VD: The research process was at times frustrating because the archives of these institutions could be difficult to locate because they had been dispersed, particularly due to the Second World War. We were hoping to find more documents transcribing their own voice, or traces of their writing. There were almost none, apart from the writings of Albertine Sarrazin – L’astragale and La Cavale were both published in 1965 – who escaped from the reformatory school of Doullens in 1957, jumping from its high walls.

What does girlhood mean to you — personally, politically, and artistically?

VD: Girlhood is a time of experimentation, a very intense period of the construction of a personal and social identity. It brings together strength and vitality, as well as vulnerability. Going through the archives but also reading the works of eminent historians such as Veronique Blanchard, Beatrice Koeppel or Françoise Tetard, we realised that there is a form of social and political continuum considering girlhood through the unique lens of sexuality, which society wishes to repress.

AG: Adolescence is a time of transition, of revelation, sometimes of painful injunction. Through the photographs and texts of the exhibition, I insisted on the dimension of the oblique body, of the female body as a dissident body and a body that extracts itself from the norms. Claiming the female body as a disobedient figure.

Your images feel suspended in time — both historical and contemporary.

AG: Suspension is a recurring motif in my work. For me, it evokes a time of latency, of non-fatality, between fall and rise, a time when everything is still possible. The suspended female bodies represent resistant bodies, which prevent the fall, and rise again.

Lucas Olivet

How do you see these themes manifesting in girlhood today? Where can we trace acts of resistance or refusal in the current cultural landscape?

VD: It is difficult for me to say; I have the impression that there is a great diversity of situations depending on social and cultural privileges. Society is polarised; inequalities and discrimination sadly thrive. In many ways society continues to function as a patriarchal system that tends to oppress women of all ages. However, in the art school where I teach, young women do not hesitate to defy standardised norms of femininity; they challenge gender binaries and are actively engaged in current feminist debates and struggles.

I assume you envisioned this exhibition being seen by girls. What would you like them to take away from it?

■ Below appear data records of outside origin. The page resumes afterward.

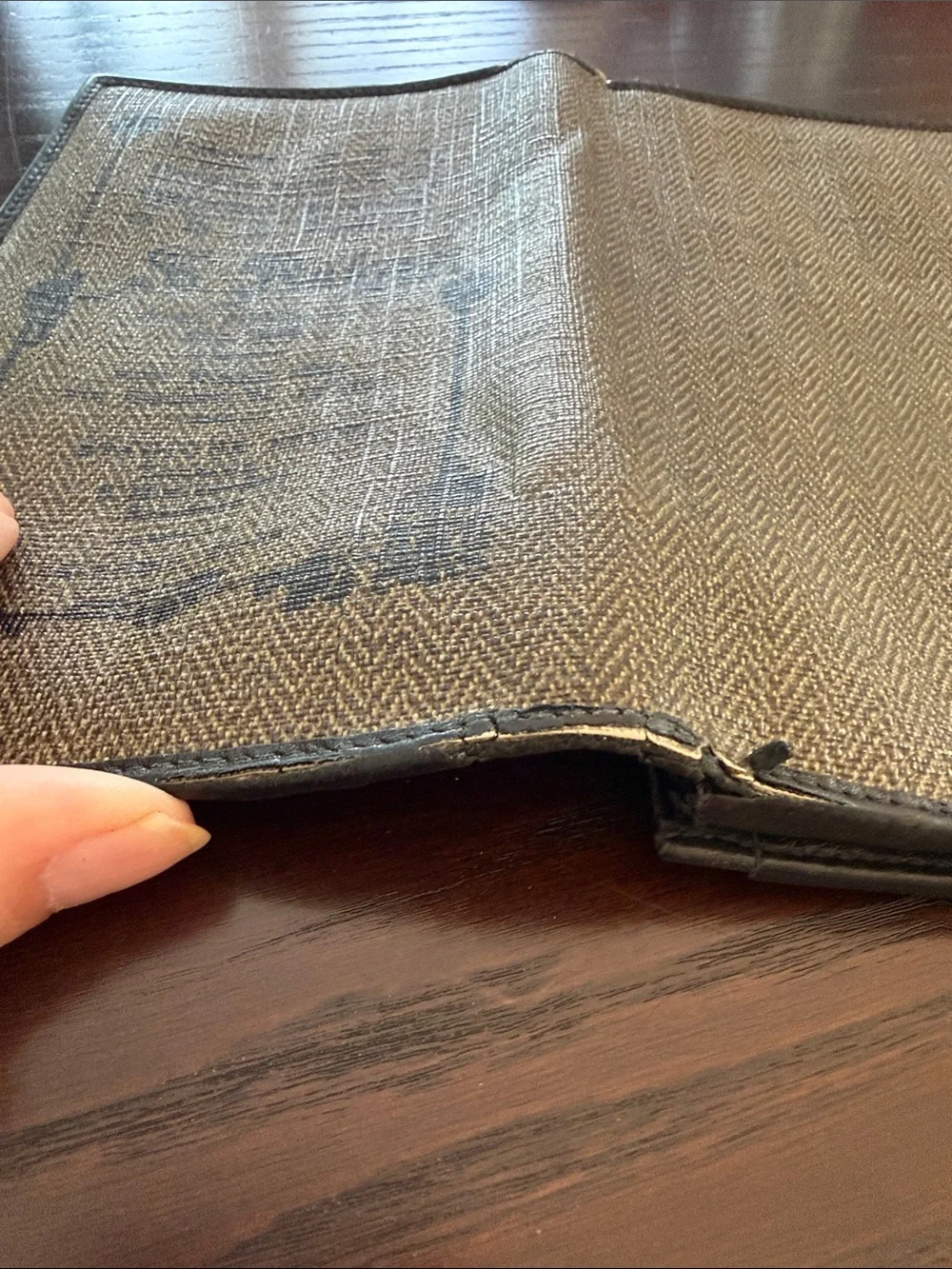 BVLGARI slim leather
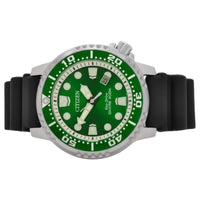 Citizen Men's Watch - Promaster Diver's Eco-Drive Green Dial Black Strap | BN0158-00X ,
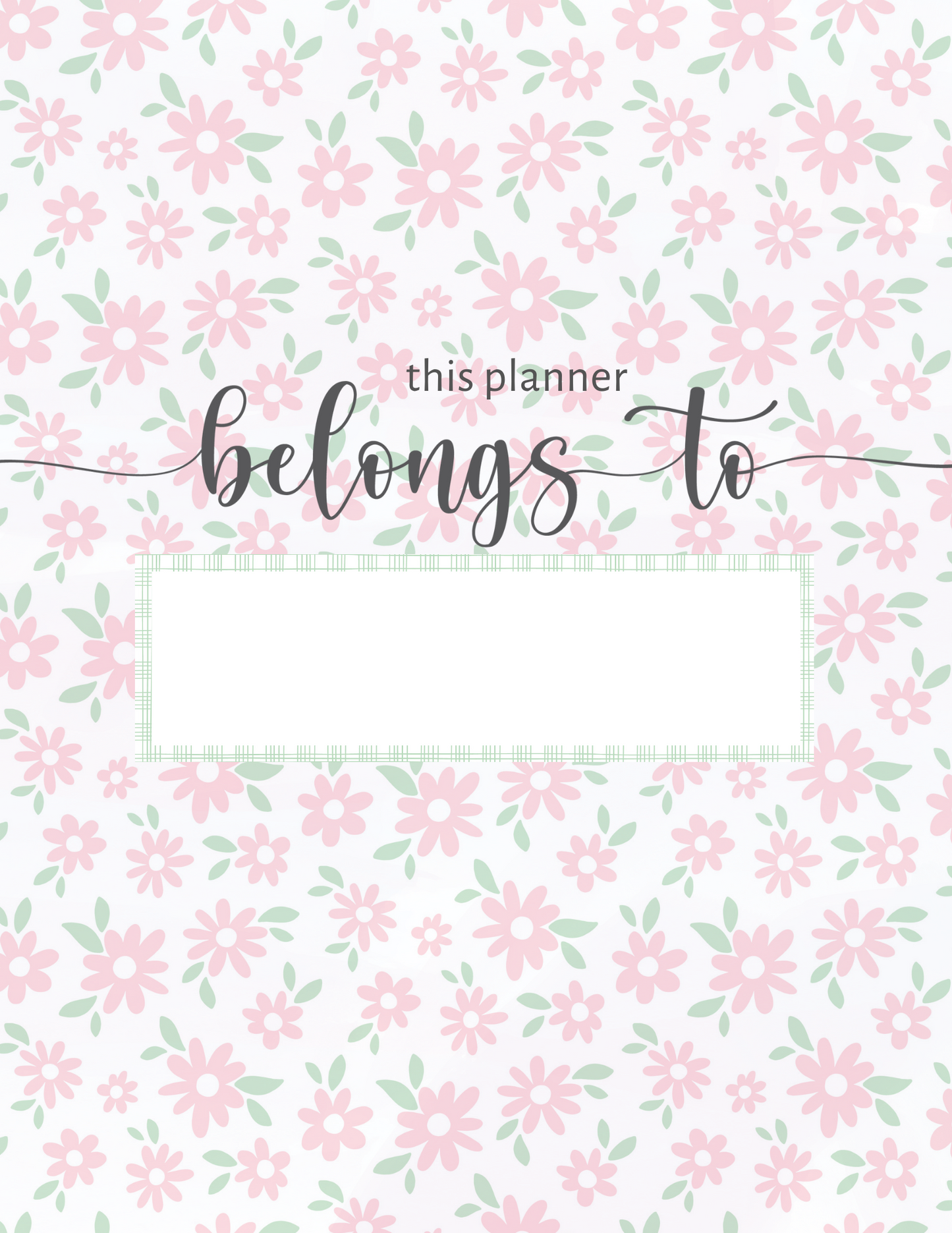 Self Care Planner with Pretty Pink Daisies Faith Filled Printables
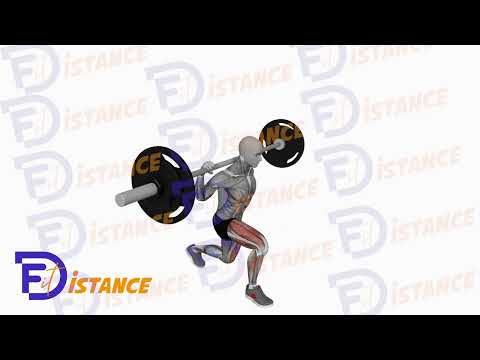 Fentes inversées à la barre - Exercice Fentes inversées à la barre en vidéo Fentes inversées à la barre - Exercice Fentes inversées à la barre en vidéo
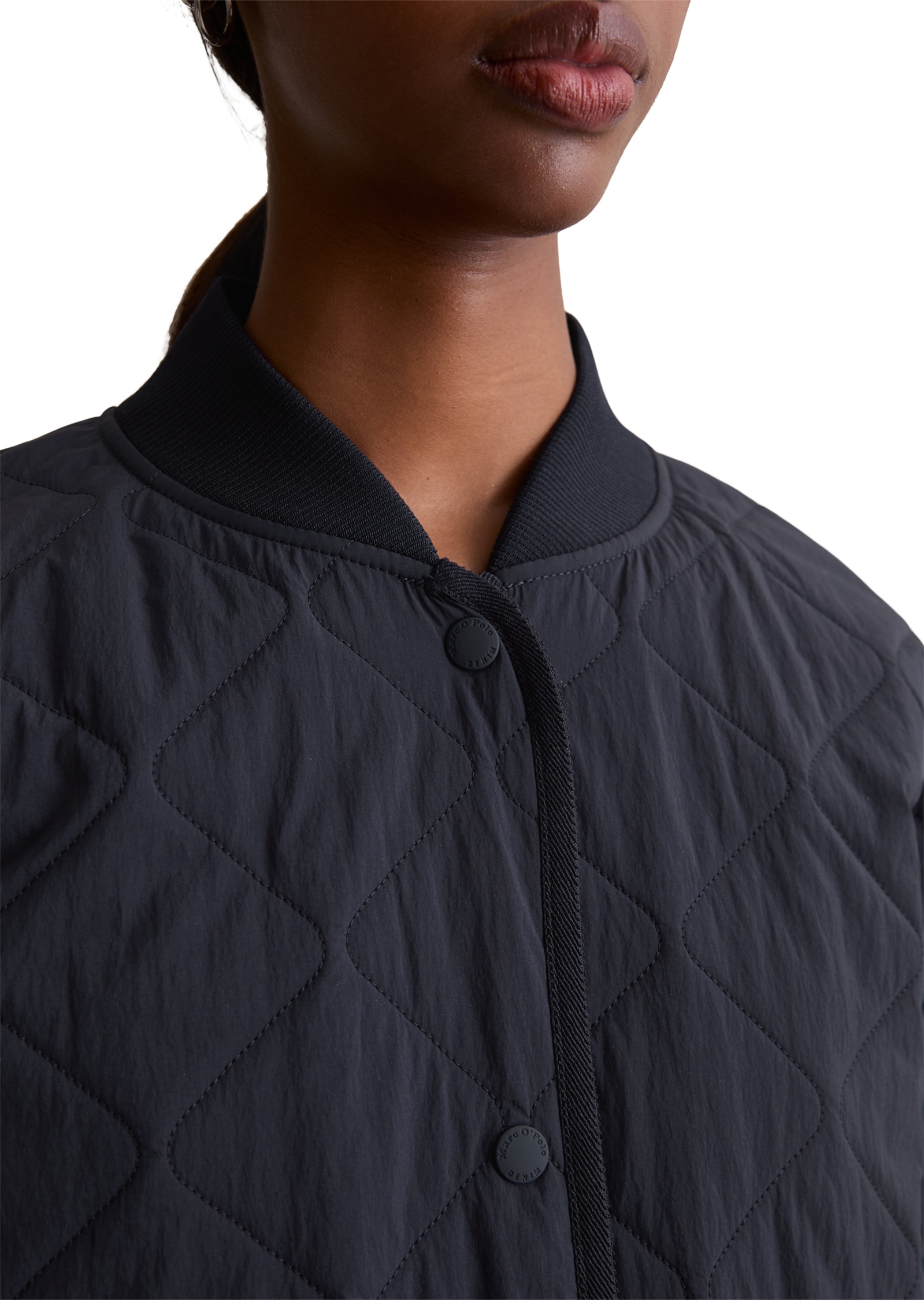 Marc O'Polo DENIM Steppjacke »regular fit aus recyceltem Nylon«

VD: Yes, we wish this exhibition to be shown to a great diversity of audience, including adolescents and young adults, men and women. It was very important for us to give more visibility to a history that is little known and bring to light the existence of these young women who were imprisoned based on moral judgement and flawed motives. Although we know very well how much violence they suffered, we wanted to show their strength and their vitality so they play a part in the feminist histories that we want new generations to remember and pass on to the next.